▶ _INSTRUCTIONS TO FOLLOW_:
Report how many lines below include the string "Crescent". Please keep the reply to that number.

· · · · · · ·

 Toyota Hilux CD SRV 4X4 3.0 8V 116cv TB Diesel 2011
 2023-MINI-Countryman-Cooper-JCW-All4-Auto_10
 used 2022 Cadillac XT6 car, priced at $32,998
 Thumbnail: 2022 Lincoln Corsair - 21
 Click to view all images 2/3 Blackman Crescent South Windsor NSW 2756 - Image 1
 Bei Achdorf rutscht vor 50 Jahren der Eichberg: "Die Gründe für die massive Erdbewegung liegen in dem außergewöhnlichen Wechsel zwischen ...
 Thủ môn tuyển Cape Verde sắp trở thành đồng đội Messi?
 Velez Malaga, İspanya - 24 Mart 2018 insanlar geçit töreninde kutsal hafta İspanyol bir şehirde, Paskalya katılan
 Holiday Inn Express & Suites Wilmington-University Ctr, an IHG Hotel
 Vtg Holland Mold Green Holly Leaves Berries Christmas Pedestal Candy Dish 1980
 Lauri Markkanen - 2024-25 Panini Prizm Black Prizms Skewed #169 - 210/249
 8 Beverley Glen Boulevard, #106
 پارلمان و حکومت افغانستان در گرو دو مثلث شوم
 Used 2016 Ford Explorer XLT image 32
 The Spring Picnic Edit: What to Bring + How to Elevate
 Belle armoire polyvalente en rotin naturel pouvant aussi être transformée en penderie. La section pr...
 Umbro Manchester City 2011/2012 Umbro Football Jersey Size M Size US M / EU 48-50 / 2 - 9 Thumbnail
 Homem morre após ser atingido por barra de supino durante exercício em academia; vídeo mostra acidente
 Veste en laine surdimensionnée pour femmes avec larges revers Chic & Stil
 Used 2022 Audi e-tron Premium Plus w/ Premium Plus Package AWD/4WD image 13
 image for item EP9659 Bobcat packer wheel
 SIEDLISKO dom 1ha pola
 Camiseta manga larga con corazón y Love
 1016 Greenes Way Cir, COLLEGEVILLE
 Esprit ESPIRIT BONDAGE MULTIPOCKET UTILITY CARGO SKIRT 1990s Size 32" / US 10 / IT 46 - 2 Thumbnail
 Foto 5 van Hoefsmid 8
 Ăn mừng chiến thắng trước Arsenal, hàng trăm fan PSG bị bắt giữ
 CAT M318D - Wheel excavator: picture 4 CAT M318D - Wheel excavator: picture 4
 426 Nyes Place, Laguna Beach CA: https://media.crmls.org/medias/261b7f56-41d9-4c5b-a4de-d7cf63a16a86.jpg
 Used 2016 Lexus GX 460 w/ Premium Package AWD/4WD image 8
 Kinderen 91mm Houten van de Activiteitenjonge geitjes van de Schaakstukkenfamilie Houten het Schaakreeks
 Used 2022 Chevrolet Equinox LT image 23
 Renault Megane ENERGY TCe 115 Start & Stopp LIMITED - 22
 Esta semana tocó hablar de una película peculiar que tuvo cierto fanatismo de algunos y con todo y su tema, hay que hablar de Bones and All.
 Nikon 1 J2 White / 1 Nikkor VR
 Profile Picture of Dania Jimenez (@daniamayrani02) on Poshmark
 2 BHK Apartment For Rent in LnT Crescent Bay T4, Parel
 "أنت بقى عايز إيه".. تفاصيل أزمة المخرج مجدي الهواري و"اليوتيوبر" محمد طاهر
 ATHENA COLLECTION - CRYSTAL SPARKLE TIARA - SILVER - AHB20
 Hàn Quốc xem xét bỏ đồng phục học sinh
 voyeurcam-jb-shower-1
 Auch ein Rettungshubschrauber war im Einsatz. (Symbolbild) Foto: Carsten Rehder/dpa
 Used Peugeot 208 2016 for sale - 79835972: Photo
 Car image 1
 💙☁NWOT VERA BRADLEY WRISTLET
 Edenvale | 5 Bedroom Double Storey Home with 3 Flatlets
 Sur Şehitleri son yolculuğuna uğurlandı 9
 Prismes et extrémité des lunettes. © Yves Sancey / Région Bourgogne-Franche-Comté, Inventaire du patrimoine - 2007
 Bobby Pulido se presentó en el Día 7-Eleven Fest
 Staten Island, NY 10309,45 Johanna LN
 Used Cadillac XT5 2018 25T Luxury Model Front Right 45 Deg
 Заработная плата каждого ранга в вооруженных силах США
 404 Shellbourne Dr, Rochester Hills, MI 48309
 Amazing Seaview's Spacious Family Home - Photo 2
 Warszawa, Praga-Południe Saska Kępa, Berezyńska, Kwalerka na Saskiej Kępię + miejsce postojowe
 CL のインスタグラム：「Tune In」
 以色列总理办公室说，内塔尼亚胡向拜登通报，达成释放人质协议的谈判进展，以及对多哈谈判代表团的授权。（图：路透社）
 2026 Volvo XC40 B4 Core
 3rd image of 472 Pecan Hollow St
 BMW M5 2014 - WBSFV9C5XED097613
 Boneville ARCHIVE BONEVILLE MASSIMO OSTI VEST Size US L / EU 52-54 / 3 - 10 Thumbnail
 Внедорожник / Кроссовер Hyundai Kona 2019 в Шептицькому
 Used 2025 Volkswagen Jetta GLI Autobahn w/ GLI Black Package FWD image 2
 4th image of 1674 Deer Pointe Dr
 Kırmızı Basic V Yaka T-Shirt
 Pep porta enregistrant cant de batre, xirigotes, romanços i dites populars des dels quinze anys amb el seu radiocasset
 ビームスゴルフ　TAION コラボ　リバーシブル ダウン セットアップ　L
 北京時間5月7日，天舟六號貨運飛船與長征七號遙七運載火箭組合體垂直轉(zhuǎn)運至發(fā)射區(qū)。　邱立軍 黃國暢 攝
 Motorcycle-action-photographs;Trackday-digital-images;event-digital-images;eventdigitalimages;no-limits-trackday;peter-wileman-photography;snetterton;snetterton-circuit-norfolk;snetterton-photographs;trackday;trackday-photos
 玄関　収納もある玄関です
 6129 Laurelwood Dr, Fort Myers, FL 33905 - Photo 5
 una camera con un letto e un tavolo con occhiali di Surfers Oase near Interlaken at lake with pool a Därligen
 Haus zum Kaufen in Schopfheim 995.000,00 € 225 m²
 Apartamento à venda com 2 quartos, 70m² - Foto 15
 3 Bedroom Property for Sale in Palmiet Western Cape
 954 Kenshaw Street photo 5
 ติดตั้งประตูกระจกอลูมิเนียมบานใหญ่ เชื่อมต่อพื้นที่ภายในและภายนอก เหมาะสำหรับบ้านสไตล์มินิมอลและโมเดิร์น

· · · · · · ·

▶ _SOLUTION TO THIS EXERCISE_:
2